What is a time series database?
A time series database (TSDB) is a database optimized for time-stamped or time series data. Time series data are simply measurements or events that are tracked, monitored, downsampled, and aggregated over time. This could be server metrics, application performance monitoring, network data, sensor data, events, clicks, trades in a market, and many other types of analytics data.
A time series database is built specifically for handling metrics and events or measurements that are time-stamped. A TSDB is optimized for measuring change over time. Properties that make time series data very different than other data workloads are data lifecycle management, summarization, and large range scans of many records.
Why is a time series database important now?
Time series databases are not new, but the first-generation time series databases were primarily focused on looking at financial data, the volatility of stock trading, and systems built to solve trading. But financial data is hardly the only application of time series data anymore — in fact, it’s only one among numerous applications across various industries. The fundamental conditions of computing have changed dramatically over the last decade. Everything has become compartmentalized. Monolithic mainframes have vanished, replaced by serverless servers, microservers, and containers.
Today, everything that can be a component is a component. In addition, we are witnessing the instrumentation of every available surface in the material world — streets, cars, factories, power grids, ice caps, satellites, clothing, phones, microwaves, milk containers, planets, human bodies. Everything has, or will have, a sensor. So now, everything inside and outside the company is emitting a relentless stream of metrics and events or time series data.
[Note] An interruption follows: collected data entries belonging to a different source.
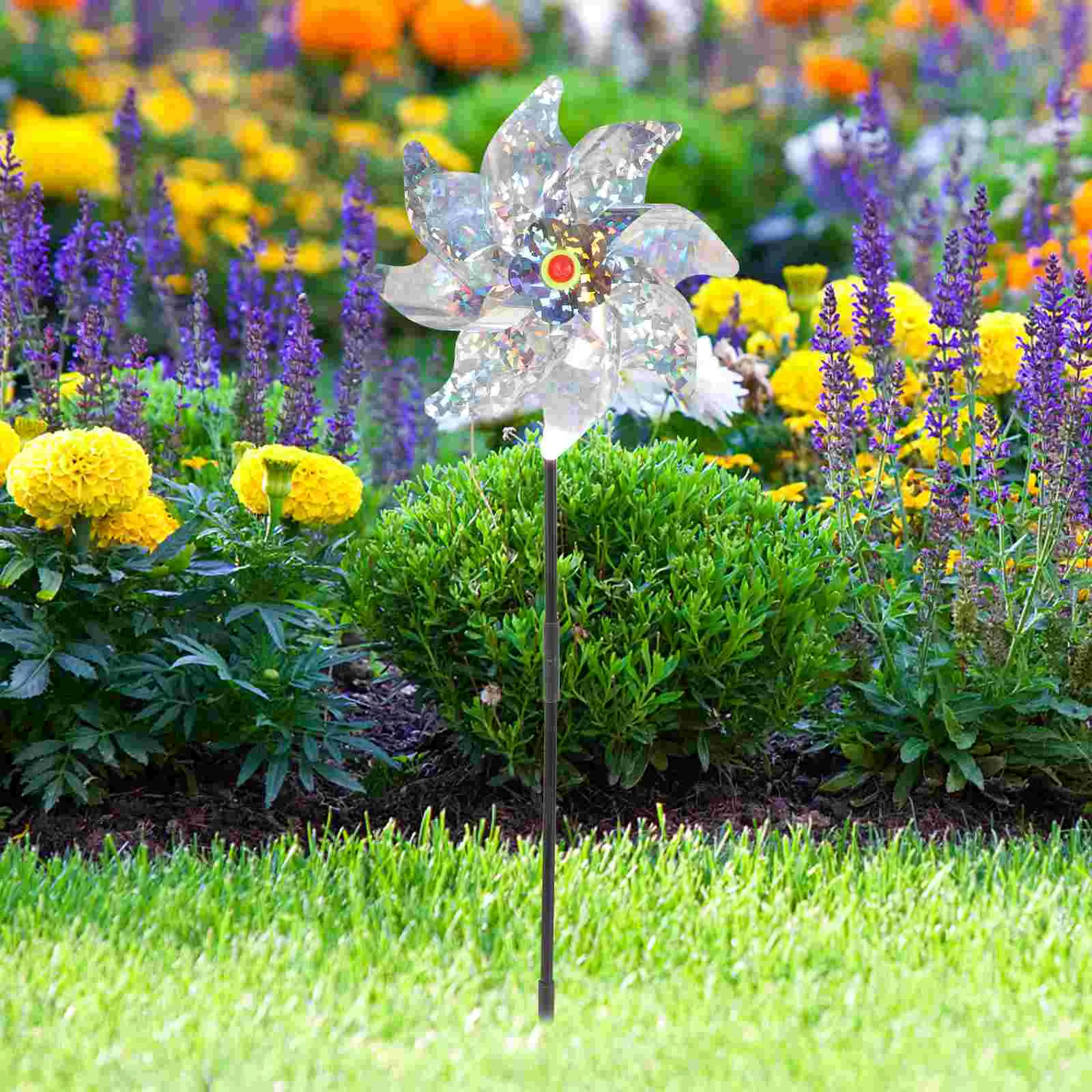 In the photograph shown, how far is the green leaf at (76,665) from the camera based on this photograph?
3.42 metres

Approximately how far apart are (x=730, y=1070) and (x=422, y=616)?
4.65 feet

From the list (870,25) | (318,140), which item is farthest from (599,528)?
(870,25)

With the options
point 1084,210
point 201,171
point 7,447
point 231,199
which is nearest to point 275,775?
point 7,447

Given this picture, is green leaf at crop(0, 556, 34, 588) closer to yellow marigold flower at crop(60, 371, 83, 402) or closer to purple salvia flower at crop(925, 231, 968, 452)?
yellow marigold flower at crop(60, 371, 83, 402)

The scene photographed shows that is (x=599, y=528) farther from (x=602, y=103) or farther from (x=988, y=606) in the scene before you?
(x=602, y=103)

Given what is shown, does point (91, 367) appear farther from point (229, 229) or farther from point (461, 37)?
point (461, 37)

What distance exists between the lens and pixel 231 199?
8422 mm

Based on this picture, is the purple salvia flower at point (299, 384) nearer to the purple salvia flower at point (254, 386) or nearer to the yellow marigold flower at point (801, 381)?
the purple salvia flower at point (254, 386)

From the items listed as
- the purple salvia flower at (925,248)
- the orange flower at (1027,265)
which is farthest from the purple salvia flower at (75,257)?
the orange flower at (1027,265)

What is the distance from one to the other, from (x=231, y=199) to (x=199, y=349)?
408cm

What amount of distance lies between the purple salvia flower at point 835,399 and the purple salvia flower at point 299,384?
4.21 ft

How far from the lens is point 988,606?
3.83 meters

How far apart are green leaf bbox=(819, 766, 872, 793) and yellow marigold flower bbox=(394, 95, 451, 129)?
7635 millimetres

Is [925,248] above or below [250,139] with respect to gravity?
below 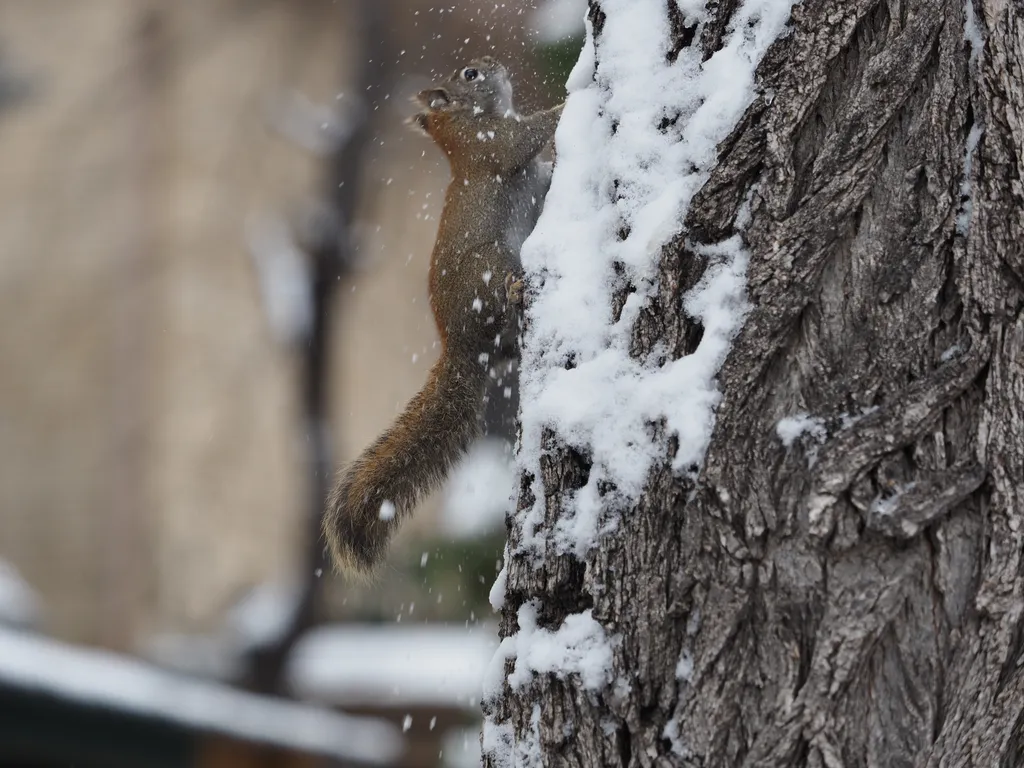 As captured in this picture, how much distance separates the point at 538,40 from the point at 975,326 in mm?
2705

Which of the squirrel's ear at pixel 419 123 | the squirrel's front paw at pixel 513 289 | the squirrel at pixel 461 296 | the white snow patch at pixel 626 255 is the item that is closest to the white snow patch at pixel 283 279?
the squirrel's ear at pixel 419 123

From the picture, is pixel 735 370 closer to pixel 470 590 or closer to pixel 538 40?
pixel 538 40

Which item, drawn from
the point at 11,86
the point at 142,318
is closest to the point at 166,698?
the point at 11,86

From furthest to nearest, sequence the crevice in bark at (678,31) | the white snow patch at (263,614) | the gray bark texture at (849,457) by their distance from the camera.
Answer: the white snow patch at (263,614), the crevice in bark at (678,31), the gray bark texture at (849,457)

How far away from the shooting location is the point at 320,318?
5.97 m

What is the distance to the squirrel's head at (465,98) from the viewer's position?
276cm

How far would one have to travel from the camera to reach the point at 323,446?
6.04 meters

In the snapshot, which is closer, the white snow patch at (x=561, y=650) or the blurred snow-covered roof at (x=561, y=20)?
the white snow patch at (x=561, y=650)

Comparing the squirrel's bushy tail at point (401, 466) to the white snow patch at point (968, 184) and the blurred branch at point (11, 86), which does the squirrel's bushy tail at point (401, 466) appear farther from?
the blurred branch at point (11, 86)

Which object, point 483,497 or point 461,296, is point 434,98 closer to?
point 461,296

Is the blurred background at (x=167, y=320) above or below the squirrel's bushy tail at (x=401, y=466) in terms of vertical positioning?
above

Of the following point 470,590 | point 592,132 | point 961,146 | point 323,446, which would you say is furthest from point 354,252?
point 961,146

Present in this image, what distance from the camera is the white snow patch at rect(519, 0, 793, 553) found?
1.33 meters

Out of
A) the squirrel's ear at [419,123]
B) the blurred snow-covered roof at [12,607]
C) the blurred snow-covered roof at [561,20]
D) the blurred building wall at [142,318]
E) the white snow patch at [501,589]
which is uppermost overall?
the blurred building wall at [142,318] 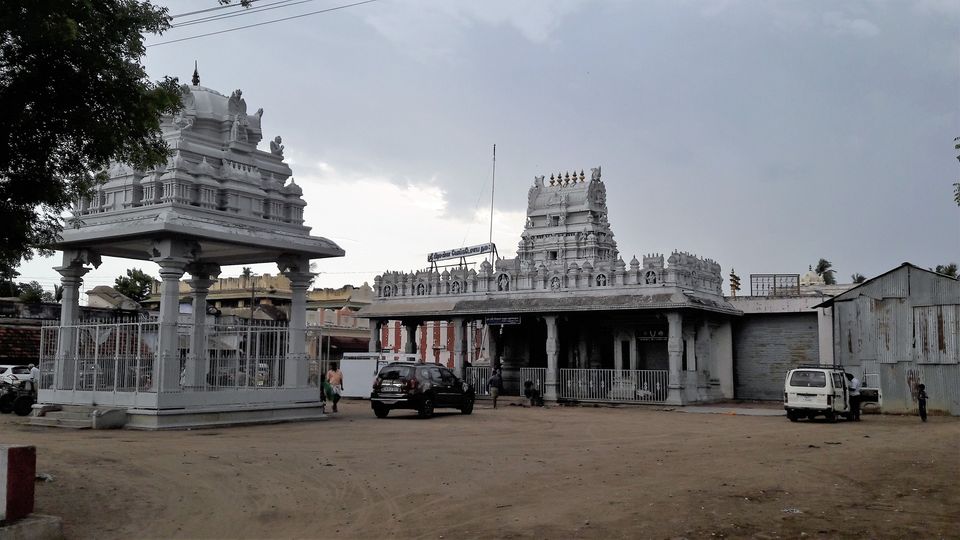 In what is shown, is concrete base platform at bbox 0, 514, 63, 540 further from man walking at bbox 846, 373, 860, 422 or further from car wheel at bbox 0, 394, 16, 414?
man walking at bbox 846, 373, 860, 422

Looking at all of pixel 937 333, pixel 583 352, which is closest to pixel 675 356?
pixel 583 352

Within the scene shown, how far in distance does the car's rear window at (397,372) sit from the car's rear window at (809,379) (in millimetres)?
10642

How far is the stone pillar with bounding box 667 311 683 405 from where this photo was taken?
28609 millimetres

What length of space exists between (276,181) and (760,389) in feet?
66.7

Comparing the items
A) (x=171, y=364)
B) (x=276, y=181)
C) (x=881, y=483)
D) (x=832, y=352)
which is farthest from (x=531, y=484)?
(x=832, y=352)

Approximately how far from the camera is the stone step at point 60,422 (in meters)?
18.5

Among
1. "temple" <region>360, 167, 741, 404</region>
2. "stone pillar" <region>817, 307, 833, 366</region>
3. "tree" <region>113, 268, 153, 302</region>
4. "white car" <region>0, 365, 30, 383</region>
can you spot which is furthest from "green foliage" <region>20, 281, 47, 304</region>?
"stone pillar" <region>817, 307, 833, 366</region>

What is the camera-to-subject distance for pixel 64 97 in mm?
9891

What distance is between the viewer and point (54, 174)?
34.9ft

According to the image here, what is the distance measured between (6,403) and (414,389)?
461 inches

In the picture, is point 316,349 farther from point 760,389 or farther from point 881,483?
point 760,389

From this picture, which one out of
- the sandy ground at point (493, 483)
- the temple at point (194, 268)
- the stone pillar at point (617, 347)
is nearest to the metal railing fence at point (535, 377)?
the stone pillar at point (617, 347)

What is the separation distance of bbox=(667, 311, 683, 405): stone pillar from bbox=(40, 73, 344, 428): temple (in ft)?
40.0

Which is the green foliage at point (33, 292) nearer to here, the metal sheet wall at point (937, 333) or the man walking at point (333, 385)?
the man walking at point (333, 385) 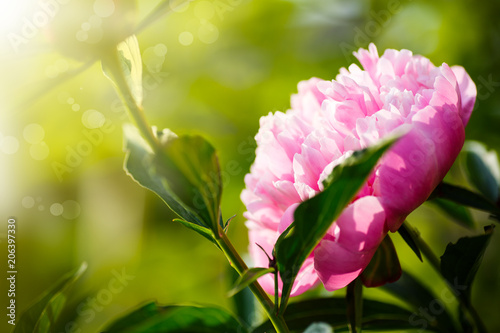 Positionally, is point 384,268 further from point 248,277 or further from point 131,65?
point 131,65

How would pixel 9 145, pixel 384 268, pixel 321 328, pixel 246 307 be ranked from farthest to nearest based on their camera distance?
1. pixel 9 145
2. pixel 246 307
3. pixel 384 268
4. pixel 321 328

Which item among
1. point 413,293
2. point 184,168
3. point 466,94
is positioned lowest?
point 413,293

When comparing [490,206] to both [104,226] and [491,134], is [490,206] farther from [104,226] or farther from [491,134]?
[104,226]

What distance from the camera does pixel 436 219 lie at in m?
1.00

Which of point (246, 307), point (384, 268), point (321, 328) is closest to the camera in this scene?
point (321, 328)

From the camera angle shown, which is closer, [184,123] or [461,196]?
[461,196]

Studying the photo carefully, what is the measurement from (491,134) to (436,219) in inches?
8.4

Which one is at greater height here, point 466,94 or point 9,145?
point 9,145

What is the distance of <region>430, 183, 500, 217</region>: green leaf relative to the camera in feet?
1.45

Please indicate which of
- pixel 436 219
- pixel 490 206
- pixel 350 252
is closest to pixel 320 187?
pixel 350 252

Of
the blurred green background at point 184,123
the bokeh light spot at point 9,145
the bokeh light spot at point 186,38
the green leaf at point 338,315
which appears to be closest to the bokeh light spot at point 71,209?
the blurred green background at point 184,123

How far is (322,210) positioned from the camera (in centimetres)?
32

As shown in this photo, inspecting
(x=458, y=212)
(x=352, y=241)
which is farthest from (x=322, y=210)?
(x=458, y=212)

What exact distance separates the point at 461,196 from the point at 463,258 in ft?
0.18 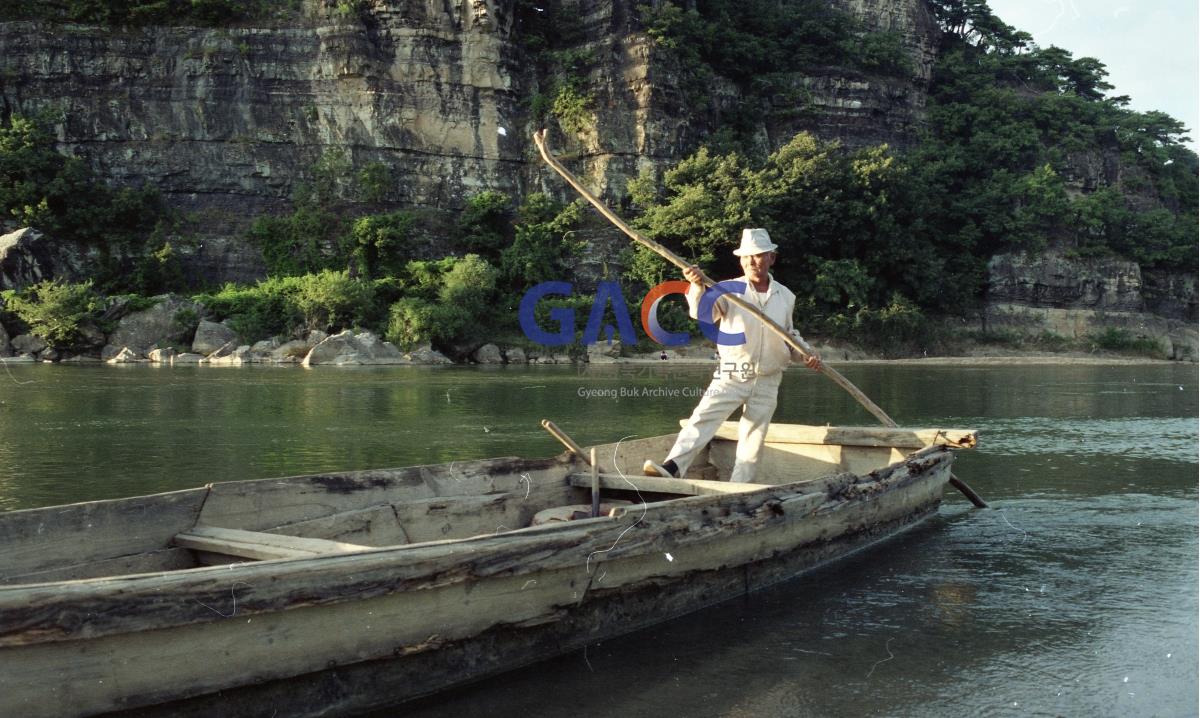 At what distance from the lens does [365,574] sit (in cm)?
434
This means that the underlying platforms need to evolve to support these new workloads — more data points, more data sources, more monitoring, more controls. What we’re witnessing, and what the times demand, is a paradigmatic shift in how we approach our data infrastructure and how we approach building, monitoring, controlling, and managing systems. What we need is a performant, scalable, purpose-built time series database.
What distinguishes the time series workload?
Time series databases have key architectural design properties that make them very different from other databases. These include time-stamp data storage and compression, data lifecycle management, data summarization, ability to handle large time series dependent scans of many records, and time series aware queries.
For example: With a time series database, it is common to request a summary of data over a large time period. This requires going over a range of data points to perform some computation like a percentile increase this month of a metric over the same period in the last six months, summarized by month. This kind of workload is very difficult to optimize for with a distributed key value store. TSDB’s are optimized for exactly this use case giving millisecond level query times over months of data. Another example: With time series databases, it’s common to keep high precision data around for a short period of time. This data is aggregated and downsampled into longer term trend data. This means that for every data point that goes into the database, it will have to be deleted after its period of time is up. This kind of data lifecycle management is difficult for application developers to implement on top of regular databases. They must devise schemes for cheaply evicting large sets of data and constantly summarizing that data at scale. With a time series database, this functionality is provided out of the box.